July 14, 2021 Sujeev Shakya

Twenty years after the royal massacre

Nepal’s trajectory drastically changed after the events of June 1, 2001.

On the night of June 1, 2001, exactly twenty years ago, an event at the Narayanhiti palace saw an end to an entire family of the then ruling Shah dynasty. Helicopters were hovering and rumour mills were active. In the pre-smartphone days, when mobile phones were still uncommon, the SMSs didn’t stop coming, and home phones rang non-stop. I was then working at the Soaltee Hotel, where the requisition of a large amount of ice from the hospitals triggered lots of questions.

Nepalis had to depend on the BBC and CNN or Indian television channels to tell us the story of our own country, as Nepali television and radio channels played sombre music. Then prince Gyanendra Shah, who went on to become the king, was in Pokhara waiting for board meetings of a company and a conservation trust to happen the next day. Nepal received global attention as it was a piece of news that shook everyone; people still ask me what happened that night. The Gorkha earthquakes, the royal massacre and the current Covid-19 crisis are the only events from Nepal that have caught global attention in the past two decades. That speaks volumes about the country. A lot of introspection, therefore, is needed. Three things come to mind.

Shun isolationism and conservatism

The Shahs ruled as the custodians of a Hindu kingdom and used religion as a tool of keeping power. They had to demonstrate they believed in old age traditions, religious dogmas and relied on interpreters of religion. Therefore, the brother of the king and the next in line to the throne decided to keep the traditions going. In the twentieth century, when the internet had already penetrated our homes, he decided to keep the sombre music going on television channels rather than appearing on television to tell the world what had happened; after all, he had lost many members of his family and his wife was still battling for her life in the hospital.
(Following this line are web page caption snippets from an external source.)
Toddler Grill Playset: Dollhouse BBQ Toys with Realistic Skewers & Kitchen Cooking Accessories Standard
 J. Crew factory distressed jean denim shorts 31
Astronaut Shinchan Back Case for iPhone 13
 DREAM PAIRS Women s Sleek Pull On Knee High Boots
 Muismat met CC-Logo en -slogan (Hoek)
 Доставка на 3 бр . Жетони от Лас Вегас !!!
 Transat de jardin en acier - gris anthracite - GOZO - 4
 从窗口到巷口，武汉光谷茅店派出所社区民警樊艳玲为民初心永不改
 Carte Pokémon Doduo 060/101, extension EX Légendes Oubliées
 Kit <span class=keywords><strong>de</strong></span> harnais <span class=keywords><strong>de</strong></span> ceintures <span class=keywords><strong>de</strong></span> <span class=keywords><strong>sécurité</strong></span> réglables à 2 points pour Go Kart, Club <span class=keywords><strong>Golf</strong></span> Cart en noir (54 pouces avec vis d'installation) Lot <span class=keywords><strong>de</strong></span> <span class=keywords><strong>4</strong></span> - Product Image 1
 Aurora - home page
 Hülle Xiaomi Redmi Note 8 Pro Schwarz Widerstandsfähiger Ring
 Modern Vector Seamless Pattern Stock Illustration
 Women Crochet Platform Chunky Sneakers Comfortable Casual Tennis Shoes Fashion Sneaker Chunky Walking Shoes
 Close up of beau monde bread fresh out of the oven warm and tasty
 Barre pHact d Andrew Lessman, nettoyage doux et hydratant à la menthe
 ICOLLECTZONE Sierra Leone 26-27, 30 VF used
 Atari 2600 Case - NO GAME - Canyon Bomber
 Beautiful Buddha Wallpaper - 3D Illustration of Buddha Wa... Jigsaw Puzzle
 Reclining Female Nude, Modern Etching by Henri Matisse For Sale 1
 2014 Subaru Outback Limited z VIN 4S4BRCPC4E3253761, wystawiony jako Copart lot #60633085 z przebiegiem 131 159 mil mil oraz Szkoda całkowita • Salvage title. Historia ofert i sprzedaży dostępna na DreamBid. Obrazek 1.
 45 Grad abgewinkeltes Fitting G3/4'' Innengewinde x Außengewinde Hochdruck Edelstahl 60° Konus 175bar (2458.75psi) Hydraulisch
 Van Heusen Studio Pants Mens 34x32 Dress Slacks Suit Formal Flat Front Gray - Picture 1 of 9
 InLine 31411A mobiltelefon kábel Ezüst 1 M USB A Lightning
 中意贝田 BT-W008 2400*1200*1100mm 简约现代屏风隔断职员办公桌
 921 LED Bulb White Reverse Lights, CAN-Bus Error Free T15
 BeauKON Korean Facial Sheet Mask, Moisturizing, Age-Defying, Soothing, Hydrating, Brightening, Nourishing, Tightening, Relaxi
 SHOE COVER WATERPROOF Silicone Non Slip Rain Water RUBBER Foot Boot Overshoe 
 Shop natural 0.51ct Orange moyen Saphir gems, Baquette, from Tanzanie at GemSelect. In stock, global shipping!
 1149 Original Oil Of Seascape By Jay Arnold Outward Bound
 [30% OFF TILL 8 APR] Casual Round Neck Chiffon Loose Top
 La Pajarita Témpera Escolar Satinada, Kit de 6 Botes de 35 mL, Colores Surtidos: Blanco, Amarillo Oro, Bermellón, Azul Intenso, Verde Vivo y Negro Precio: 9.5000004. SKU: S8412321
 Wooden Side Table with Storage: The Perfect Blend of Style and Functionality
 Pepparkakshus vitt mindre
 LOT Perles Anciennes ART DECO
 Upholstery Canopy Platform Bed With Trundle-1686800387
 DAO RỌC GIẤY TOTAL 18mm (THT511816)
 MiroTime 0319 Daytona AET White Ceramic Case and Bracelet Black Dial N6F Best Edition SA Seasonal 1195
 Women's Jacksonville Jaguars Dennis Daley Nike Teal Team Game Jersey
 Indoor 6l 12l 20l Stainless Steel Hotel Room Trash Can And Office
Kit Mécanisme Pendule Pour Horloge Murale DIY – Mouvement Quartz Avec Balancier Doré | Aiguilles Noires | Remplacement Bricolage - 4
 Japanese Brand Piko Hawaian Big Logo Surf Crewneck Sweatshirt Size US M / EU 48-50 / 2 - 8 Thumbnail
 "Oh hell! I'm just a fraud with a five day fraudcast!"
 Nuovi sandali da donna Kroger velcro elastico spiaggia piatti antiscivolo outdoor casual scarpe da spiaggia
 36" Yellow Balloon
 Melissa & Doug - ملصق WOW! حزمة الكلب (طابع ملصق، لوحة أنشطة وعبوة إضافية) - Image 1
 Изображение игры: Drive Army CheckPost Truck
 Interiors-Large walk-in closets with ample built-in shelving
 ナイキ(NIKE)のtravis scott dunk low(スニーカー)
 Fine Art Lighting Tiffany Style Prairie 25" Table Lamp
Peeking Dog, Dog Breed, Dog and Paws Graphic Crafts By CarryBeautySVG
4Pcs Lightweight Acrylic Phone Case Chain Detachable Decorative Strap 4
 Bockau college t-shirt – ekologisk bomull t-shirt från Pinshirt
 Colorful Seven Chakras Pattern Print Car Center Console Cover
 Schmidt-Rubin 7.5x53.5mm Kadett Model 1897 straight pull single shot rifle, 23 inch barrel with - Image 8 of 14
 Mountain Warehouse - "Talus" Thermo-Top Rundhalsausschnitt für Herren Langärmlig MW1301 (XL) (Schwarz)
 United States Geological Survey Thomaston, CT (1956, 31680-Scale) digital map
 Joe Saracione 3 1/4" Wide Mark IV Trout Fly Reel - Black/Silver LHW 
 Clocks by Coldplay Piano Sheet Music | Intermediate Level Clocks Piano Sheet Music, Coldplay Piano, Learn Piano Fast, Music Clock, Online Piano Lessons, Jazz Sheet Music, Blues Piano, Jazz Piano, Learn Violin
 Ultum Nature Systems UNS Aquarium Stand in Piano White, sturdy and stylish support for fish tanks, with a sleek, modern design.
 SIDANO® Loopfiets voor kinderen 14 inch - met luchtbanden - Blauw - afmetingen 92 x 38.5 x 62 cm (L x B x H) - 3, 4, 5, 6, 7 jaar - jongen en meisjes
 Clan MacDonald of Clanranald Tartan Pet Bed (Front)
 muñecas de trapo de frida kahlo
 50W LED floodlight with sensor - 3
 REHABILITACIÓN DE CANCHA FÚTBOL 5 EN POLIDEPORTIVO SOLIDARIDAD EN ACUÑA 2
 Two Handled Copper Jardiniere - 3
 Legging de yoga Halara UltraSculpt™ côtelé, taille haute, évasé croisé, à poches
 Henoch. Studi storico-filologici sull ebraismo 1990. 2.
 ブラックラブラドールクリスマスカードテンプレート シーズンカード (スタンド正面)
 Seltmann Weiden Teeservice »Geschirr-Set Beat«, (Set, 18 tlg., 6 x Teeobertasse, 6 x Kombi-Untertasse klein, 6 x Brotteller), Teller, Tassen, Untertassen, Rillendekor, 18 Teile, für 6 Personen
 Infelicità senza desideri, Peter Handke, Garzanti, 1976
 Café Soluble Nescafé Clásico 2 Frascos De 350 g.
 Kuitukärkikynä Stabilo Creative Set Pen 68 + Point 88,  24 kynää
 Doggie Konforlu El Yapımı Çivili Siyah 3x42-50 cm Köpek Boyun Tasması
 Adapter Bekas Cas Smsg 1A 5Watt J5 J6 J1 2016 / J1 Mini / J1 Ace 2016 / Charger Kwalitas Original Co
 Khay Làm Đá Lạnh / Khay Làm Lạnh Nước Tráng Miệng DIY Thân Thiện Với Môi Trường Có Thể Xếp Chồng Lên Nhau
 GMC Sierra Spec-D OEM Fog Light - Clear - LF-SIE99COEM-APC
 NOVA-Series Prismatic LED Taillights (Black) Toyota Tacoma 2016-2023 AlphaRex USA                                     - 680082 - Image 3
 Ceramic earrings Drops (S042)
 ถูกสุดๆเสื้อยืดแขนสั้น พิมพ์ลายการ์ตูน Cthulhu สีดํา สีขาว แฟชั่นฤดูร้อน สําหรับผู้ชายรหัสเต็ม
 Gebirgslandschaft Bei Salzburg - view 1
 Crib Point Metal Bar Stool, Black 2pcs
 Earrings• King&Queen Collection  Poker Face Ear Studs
He was advised to hire some good global public relations companies to put the story straight, but perhaps that would have been seen as risking his image of being a good Hindu monarch. If he had chosen to tell the world what happened, he would not have to live with the rumours and the theories that circulate till now. Perhaps, for centuries to come, the rumours will live along with the facts. Therefore, the big lesson is, shun isolationism and conservatism, embrace contemporary practices of communication. There are many platforms. Engage with your audience—people need to hear from the horse’s mouth.

Leadership is about perceptions

Twenty years after the massacre, people still talk about king Birendra fondly, despite his tenure being a tumultuous one. His reign began with straining relations with India, when he invited the ruler of Sikkim for his coronation. His direct rule ended when India intervened with a blockade in 1989, paving the way for multi-party democracy. I talk about the hotchpotch, inward-looking education policy he brought in the mid-seventies in Unleashing Nepal, the results of which we are seeing in the leadership of all different fields in Nepal.

After the 1990s, he remained somewhat ceremonial, leaving others in the family to intervene. Little was publicly known about challenges in his personal life. However, people had a good feeling about him. He earned the respect of the people, as he was seen as an icon of hope when the country started to see intra-party feuds become Nepal’s definition of multi-party democracy. Leadership is about the way people perceive you—a lot of wrongs can be overlooked if you press the right buttons or just stay disengaged. After all, people have very short memories.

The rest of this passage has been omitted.